Mali : le calendrier clé en main de la CEDEAO

C’est finalement une affaire d’importation de solutions à la crise qui se joue entre la Communauté économique des États de l’Afrique de l’Ouest (Cedeao) et la junte militaire au pouvoir à Bamako (Mali). Le sommet du 7 septembre dernier a, une fois de plus, été le marqueur d’un déni de solutions endogènes à la situation politique malienne.

Le Mali est un pays particulier (comme tous les autres). Mais cette singularité doit être reconnue et prise en compte dans la résolution des crises comme celle en cours. Visiblement, les chefs d’État de la Cedeao n’en perçoivent pas la pertinence.
Culturellement, le rapport à la souveraineté du peuple est ancien au Mali. Dès le moyen âge africain, entre les années 1200 et 1400 (XIIIe et XVe siècles), le royaume du Mali appliquait déjà des actions de redevabilité (accountability) et d’expression des avis du peuple sur la gestion de la cité. Dans les gènes de ce peuple, il existe une détermination particulière à se faire entendre par les dirigeants lorsque le politique devient sourd.

Du point de vue sécuritaire, l’inclusion (sociale et spatiale) demeure un défi. La stabilité n’a toujours pas été retrouvée depuis 2013. La moindre précipitation sur un ordre politique déséquilibré, qui n’est pas pleinement légitimé par la volonté de l’ensemble des parties prenantes (classe politique, société civile, militaires, indépendantistes), serait une étincelle dévastatrice pour l’ensemble de la région.

Passage en force
C’est la résolution numéro 16 du communiqué final ayant sanctionné les travaux en présentiel, lors de cette 57e session ordinaire de la Conférence des chefs d’État et de gouvernement de la Cedeao. Elle s’est tenue à Niamey au Niger.

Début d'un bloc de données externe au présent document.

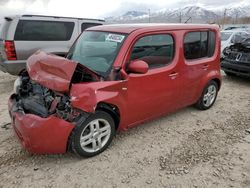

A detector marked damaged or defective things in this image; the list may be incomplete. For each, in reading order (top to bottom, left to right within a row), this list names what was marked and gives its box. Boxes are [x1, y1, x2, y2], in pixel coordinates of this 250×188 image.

crumpled hood [26, 51, 77, 93]
damaged red car [8, 23, 222, 157]
damaged front bumper [9, 94, 75, 154]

Pour les Chefs d’État, il y a lieu de rétablir «l’ordre constitutionnel dans ce pays, avec une transition politique dirigée par un président et un Premier ministre civils pour une période de douze (12) mois».

En d’autres termes, les dirigeants devant conduire l’intérim auront une année civile pour l’organisation des élections générales dans le pays. Cette consultation populaire conduira à la désignation d’un président de la République élu, d’un parlement élu et, par ricochet, d’un gouvernement désigné par le nouvel exécutif.

Fast and Furious
Au moment où les discussions sont des plus âpres au Mali avec le nouvel ordre dirigeant (militaires) organisé au sein du Conseil national de salut du peuple (CNSP), les chefs d’État de la Cedeao choisissent d’accélérer le mouvement. En effet, ils offrent huit (8) jours à l’ensemble de la classe politique malienne afin que soient désignés le Président et le Premier ministre de transition. Le communiqué final indique: «la conférence demande que le Président et le Premier ministre de la transition, tous deux civils, soient désignés au plus tard le 15 septembre 2020». Au moment de la rédaction de cet article, le compteur affiche quelque 4 jours et heures. Autrement dit, presque pas de place à la tergiversation et donc à la discussion, aux négociations, aux concertations.

Fondamental
En ne visant que la face visible de l’iceberg, l’essentiel des mesures s’éloigne du centre de gravité ayant conduit au renversement de l’ordre constitutionnel. Les conditions de vies des populations maliennes et la gouvernance sont une fois de plus sacrifiées sur l’autel du tout politique.

Dans cette volonté d’asphyxie de la junte militaire, les sanctions décidées le 20 août restent en vigueur. Le Mali, pays sans littoral, est coupé de ses fournisseurs en denrées alimentaires et sanitaires. La conjoncture marquée par la pandémie mondiale à coronavirus et le regain de diffusion du virus est une autre inconnue.